Monitoring after the fact means that many families may have already been adversely affected before we, the community, become aware of the extent of the problem. As there will inevitably be a sufficient time delay before the monitoring data will be available and can be acted upon, families with young children may be suffering for some time before measures can be put in place to rectify these adverse impacts. It is hard enough raising kids at the best of times. I do not know if there are many in this place who truly understand and readily appreciate the additional stress and suffering brought about by the severe financial pressures when you are trying to care for a young family in extremely trying circumstances and on an extremely low income. We should never forget that single parents-and it is largely single mothers-are more often than not very highly overrepresented in the lower income areas. This is why we need to model what these impacts are before implementation. The Greens believe that modelling of the potential impact should be done immediately and that provisions should be put in place to protect low income families, who may lose income and be put under unconscionable financial stress as a result of these changes.
We acknowledge that these changes to child support are important and that the system needs fixing. We are deeply concerned about the unintended consequences for families that are already on low incomes. It may stretch their budgets beyond breaking point. Such protections are critical given the risk of poverty already confronted by many of these families. That is why the Greens recommended in our minority report that an appropriate system be developed to model and investigate the impact of the child support income changes when they are combined with the Welfare to Work changes.

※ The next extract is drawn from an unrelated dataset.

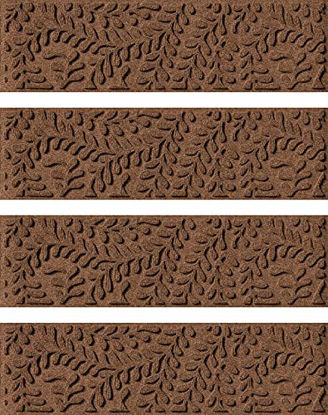 Picture of Bungalow Flooring Waterhog Stair Treads, Set of 4, 8-1/2 x 30 inches, Made in USA, Durable and Decorative Floor Covering, Indoor/Outdoor, Water-Trapping, Boxwood Collection, Dark Brown
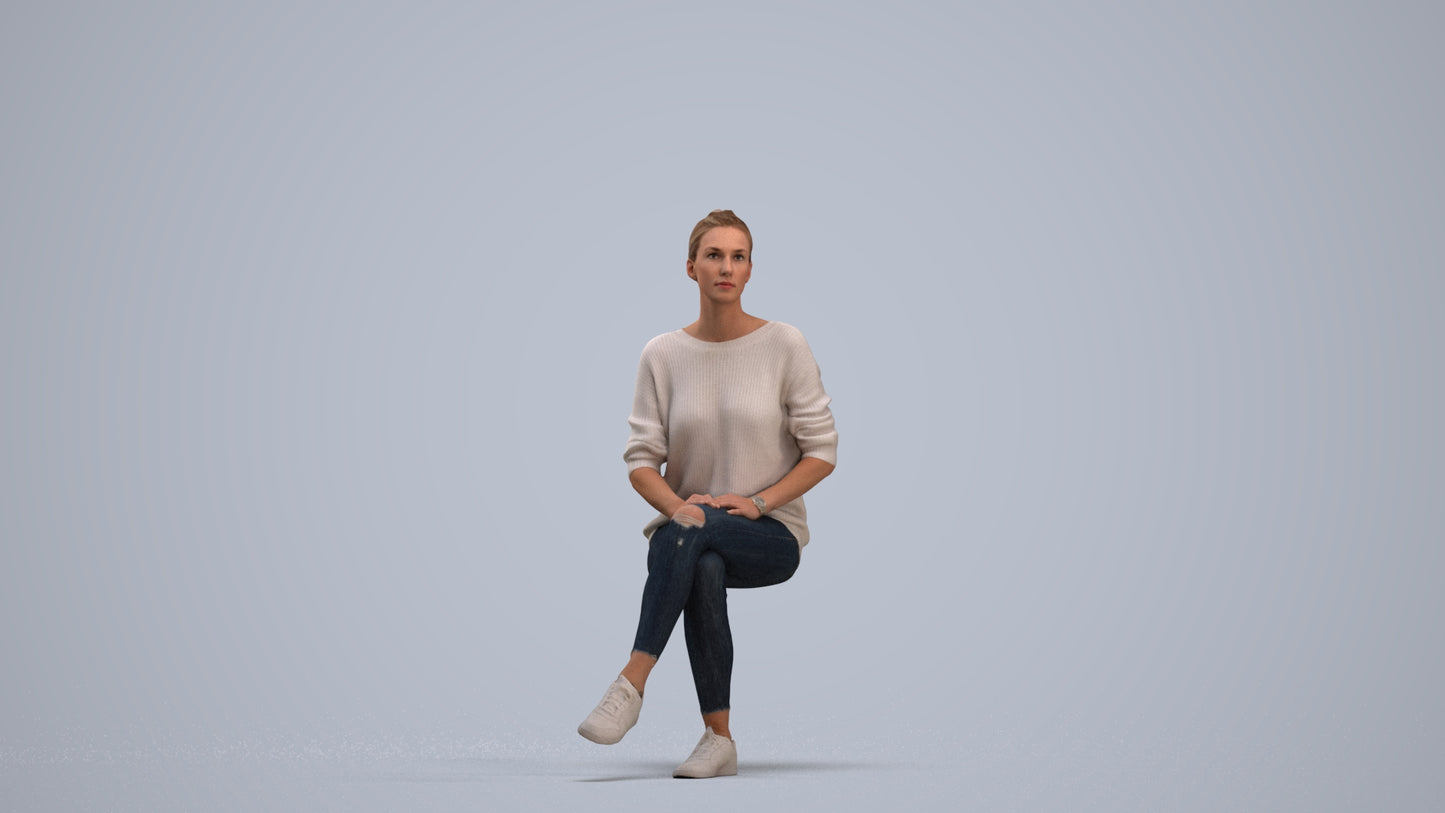 realistic 3D people woman casual sitting, render-ready for V-Ray and Corona, FBX OBJ, standing pose render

Both of these changes will potentially lower the income of some families. We know it will not be all of them, but some families are going to have their incomes lowered.
We need a system that is fair and equitable and that puts the welfare of our kids first. It makes no sense for the government to simultaneously advocate two radically different models of parental care. The contradictions between the notion of equal shared care in child support law and the notion that there is only one principal carer under welfare law must be resolved.
To decide arbitrarily that those under the age of 18 are not capable of handling a lump sum and list the reasons why this is so, which equally apply to those aged 18, is to me also inequitable. The Greens believe that a far better way of delivering, as it is changed in the law, what is now called the baby bonus would be to do so in periodic fortnightly payments.
We take the risk that these changes, particularly those brought by Welfare to Work, the child support changes and the family law changes, may adversely impact on some families and children who are already living in or very near poverty. We should be modelling and looking at these impacts now so that we do not wait until the crisis occurs before taking action.
As I have outlined, the Greens will be moving amendments to this legislation in the committee stage, both amending the principal carers provision and requiring the baby bonus payments to be made in periodic payments with the possibility of variation at the discretion of the secretary of the department.